RECORDS SHOWN ::
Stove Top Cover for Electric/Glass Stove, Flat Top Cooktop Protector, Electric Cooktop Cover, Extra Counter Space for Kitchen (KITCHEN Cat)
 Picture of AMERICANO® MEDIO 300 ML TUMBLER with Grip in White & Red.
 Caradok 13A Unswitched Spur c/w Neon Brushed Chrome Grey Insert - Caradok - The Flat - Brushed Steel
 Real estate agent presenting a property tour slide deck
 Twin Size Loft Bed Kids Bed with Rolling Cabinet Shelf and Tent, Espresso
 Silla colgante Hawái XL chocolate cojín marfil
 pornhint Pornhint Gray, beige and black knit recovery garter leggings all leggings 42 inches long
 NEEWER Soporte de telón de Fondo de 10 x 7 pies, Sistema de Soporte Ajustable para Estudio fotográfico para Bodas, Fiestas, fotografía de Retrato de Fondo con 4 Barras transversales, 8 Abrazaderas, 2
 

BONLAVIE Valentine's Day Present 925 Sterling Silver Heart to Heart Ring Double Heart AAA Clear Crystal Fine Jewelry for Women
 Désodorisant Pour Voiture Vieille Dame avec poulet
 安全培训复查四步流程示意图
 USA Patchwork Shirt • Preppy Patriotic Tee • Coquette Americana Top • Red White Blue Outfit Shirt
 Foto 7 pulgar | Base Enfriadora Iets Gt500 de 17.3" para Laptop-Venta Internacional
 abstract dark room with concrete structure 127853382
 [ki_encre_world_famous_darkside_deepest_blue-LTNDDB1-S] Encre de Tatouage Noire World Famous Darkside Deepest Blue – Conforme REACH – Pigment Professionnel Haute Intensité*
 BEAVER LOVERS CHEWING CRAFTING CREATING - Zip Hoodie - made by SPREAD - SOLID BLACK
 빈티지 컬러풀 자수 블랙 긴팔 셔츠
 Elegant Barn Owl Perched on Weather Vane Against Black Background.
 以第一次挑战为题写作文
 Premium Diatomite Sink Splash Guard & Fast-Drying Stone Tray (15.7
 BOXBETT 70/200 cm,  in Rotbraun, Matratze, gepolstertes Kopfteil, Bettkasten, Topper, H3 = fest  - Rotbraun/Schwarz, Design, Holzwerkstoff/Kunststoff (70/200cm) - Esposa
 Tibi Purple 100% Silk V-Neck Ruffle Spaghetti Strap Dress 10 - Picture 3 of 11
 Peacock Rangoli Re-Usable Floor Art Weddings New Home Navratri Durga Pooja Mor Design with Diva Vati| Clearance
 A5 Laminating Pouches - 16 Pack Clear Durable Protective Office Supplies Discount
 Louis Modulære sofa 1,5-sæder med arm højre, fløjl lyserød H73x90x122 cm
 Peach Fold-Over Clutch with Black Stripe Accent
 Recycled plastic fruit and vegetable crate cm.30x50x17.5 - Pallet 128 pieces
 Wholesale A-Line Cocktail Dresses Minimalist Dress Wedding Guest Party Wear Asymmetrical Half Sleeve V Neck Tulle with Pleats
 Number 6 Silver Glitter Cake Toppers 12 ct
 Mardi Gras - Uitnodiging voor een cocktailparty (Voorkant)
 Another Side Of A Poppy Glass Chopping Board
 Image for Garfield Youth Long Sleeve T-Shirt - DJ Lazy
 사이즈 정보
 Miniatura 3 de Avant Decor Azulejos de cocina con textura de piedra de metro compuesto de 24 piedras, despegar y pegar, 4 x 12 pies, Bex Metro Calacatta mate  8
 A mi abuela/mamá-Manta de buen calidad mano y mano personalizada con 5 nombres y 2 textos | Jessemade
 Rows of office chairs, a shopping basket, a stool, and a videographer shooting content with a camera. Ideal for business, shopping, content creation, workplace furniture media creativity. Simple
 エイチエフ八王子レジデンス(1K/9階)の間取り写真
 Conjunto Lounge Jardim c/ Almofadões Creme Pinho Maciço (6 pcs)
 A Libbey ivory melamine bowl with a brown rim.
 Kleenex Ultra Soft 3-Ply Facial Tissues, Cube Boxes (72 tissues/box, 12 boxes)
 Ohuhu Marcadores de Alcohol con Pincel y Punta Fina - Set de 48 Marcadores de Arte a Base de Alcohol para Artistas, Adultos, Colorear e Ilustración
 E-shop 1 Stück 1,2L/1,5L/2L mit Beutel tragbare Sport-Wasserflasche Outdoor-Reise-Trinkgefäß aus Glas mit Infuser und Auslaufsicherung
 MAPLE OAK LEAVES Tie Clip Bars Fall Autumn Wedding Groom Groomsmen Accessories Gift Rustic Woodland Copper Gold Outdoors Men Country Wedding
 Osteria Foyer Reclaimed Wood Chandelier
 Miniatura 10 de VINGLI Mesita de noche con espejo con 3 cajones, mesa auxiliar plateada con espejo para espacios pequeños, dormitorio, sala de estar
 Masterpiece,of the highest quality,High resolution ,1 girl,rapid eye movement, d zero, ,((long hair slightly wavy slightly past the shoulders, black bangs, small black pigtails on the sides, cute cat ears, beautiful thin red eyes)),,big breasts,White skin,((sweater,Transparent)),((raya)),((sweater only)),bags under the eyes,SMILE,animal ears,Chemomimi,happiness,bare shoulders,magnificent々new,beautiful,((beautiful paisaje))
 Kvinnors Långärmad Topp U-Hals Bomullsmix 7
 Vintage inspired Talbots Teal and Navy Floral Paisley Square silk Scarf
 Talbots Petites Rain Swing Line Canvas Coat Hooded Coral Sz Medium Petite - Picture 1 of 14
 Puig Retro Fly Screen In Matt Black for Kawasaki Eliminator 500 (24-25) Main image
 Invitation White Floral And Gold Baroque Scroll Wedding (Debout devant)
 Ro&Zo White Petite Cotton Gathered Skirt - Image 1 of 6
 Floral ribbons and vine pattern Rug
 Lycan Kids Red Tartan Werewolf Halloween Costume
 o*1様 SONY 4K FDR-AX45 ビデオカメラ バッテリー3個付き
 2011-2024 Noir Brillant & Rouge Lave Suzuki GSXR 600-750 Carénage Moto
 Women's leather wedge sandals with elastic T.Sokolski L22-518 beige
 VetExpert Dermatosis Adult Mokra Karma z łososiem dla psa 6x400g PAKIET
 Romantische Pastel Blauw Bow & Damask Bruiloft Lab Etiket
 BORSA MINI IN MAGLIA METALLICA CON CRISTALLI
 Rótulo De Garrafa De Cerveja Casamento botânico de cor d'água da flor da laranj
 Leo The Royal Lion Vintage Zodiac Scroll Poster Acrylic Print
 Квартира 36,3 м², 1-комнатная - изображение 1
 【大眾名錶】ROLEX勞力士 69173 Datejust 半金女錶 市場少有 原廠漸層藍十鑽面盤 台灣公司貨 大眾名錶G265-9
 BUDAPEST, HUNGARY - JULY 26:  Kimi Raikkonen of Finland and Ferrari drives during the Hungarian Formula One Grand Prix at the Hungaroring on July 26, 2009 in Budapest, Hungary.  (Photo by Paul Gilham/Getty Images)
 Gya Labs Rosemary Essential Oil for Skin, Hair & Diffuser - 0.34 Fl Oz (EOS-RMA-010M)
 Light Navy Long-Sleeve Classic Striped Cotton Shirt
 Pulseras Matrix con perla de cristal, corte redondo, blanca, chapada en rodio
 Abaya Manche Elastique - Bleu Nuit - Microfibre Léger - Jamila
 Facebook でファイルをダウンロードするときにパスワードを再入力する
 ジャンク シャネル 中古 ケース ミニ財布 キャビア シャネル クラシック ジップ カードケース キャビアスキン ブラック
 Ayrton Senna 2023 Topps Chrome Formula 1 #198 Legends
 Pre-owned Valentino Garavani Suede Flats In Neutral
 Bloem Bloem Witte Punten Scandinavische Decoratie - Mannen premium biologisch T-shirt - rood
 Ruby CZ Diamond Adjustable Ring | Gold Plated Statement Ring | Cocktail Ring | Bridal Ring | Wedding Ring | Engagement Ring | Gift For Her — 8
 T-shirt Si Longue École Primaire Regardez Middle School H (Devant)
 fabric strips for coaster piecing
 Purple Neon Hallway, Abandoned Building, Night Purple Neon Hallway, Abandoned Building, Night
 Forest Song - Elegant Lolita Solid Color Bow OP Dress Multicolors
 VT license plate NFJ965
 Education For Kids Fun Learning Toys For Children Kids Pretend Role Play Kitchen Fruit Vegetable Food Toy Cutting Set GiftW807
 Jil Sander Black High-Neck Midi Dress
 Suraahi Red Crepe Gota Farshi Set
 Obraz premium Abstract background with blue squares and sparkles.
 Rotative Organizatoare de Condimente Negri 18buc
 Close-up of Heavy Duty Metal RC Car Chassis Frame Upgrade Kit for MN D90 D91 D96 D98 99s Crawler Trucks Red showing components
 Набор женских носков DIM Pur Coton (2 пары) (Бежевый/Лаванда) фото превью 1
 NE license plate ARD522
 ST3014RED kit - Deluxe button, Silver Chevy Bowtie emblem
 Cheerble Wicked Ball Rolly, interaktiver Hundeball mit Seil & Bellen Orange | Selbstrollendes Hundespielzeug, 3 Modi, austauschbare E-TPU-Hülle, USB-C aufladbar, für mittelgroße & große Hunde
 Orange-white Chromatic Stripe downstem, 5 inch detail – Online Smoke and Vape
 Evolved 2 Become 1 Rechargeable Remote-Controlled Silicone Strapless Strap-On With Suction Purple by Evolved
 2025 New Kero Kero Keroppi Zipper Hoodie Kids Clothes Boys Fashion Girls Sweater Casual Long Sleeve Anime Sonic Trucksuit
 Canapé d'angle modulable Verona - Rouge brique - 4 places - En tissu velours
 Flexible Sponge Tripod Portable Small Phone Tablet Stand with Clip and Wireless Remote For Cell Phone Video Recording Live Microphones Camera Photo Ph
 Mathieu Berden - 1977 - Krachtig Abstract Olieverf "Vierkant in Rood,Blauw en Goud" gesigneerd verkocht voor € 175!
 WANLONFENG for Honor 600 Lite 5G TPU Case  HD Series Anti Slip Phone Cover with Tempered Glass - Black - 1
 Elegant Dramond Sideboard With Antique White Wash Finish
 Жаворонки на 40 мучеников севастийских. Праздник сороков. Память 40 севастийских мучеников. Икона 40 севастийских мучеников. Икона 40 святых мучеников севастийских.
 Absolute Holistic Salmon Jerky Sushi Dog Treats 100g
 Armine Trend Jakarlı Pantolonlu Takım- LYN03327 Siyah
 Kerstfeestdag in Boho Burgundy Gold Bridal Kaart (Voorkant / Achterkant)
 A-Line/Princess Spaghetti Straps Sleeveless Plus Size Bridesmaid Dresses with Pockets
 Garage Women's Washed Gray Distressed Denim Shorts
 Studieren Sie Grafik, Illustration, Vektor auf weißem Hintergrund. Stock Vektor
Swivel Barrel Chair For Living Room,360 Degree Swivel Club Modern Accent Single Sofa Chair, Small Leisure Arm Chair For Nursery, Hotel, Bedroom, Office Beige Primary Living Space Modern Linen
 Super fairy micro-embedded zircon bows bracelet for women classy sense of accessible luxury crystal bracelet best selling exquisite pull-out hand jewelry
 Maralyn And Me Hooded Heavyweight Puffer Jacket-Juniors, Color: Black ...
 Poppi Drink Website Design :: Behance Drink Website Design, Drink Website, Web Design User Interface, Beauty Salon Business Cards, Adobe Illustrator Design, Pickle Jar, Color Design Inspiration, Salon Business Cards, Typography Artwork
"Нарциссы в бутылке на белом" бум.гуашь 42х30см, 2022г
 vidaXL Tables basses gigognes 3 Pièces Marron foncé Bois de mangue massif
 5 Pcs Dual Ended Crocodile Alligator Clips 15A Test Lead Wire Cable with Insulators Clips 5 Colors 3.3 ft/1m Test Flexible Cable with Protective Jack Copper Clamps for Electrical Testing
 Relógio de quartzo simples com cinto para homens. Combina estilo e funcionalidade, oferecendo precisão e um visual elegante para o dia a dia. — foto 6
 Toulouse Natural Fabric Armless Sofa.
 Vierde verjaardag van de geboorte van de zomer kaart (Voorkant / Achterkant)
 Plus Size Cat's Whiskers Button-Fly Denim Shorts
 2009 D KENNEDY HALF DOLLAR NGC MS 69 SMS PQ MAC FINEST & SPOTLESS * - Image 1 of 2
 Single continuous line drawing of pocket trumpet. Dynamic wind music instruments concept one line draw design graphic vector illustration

EXERCISE REQUIREMENTS :: From the records above, reproduce exactly the lines from the one with "Kleenex Ultra Soft" to the one with "Rótulo De Garrafa", both included, and no others.

ANSWER AREA ::
 Kleenex Ultra Soft 3-Ply Facial Tissues, Cube Boxes (72 tissues/box, 12 boxes)
 Ohuhu Marcadores de Alcohol con Pincel y Punta Fina - Set de 48 Marcadores de Arte a Base de Alcohol para Artistas, Adultos, Colorear e Ilustración
 E-shop 1 Stück 1,2L/1,5L/2L mit Beutel tragbare Sport-Wasserflasche Outdoor-Reise-Trinkgefäß aus Glas mit Infuser und Auslaufsicherung
 MAPLE OAK LEAVES Tie Clip Bars Fall Autumn Wedding Groom Groomsmen Accessories Gift Rustic Woodland Copper Gold Outdoors Men Country Wedding
 Osteria Foyer Reclaimed Wood Chandelier
 Miniatura 10 de VINGLI Mesita de noche con espejo con 3 cajones, mesa auxiliar plateada con espejo para espacios pequeños, dormitorio, sala de estar
 Masterpiece,of the highest quality,High resolution ,1 girl,rapid eye movement, d zero, ,((long hair slightly wavy slightly past the shoulders, black bangs, small black pigtails on the sides, cute cat ears, beautiful thin red eyes)),,big breasts,White skin,((sweater,Transparent)),((raya)),((sweater only)),bags under the eyes,SMILE,animal ears,Chemomimi,happiness,bare shoulders,magnificent々new,beautiful,((beautiful paisaje))
 Kvinnors Långärmad Topp U-Hals Bomullsmix 7
 Vintage inspired Talbots Teal and Navy Floral Paisley Square silk Scarf
 Talbots Petites Rain Swing Line Canvas Coat Hooded Coral Sz Medium Petite - Picture 1 of 14
 Puig Retro Fly Screen In Matt Black for Kawasaki Eliminator 500 (24-25) Main image
 Invitation White Floral And Gold Baroque Scroll Wedding (Debout devant)
 Ro&Zo White Petite Cotton Gathered Skirt - Image 1 of 6
 Floral ribbons and vine pattern Rug
 Lycan Kids Red Tartan Werewolf Halloween Costume
 o*1様 SONY 4K FDR-AX45 ビデオカメラ バッテリー3個付き
 2011-2024 Noir Brillant & Rouge Lave Suzuki GSXR 600-750 Carénage Moto
 Women's leather wedge sandals with elastic T.Sokolski L22-518 beige
 VetExpert Dermatosis Adult Mokra Karma z łososiem dla psa 6x400g PAKIET
 Romantische Pastel Blauw Bow & Damask Bruiloft Lab Etiket
 BORSA MINI IN MAGLIA METALLICA CON CRISTALLI
 Rótulo De Garrafa De Cerveja Casamento botânico de cor d'água da flor da laranj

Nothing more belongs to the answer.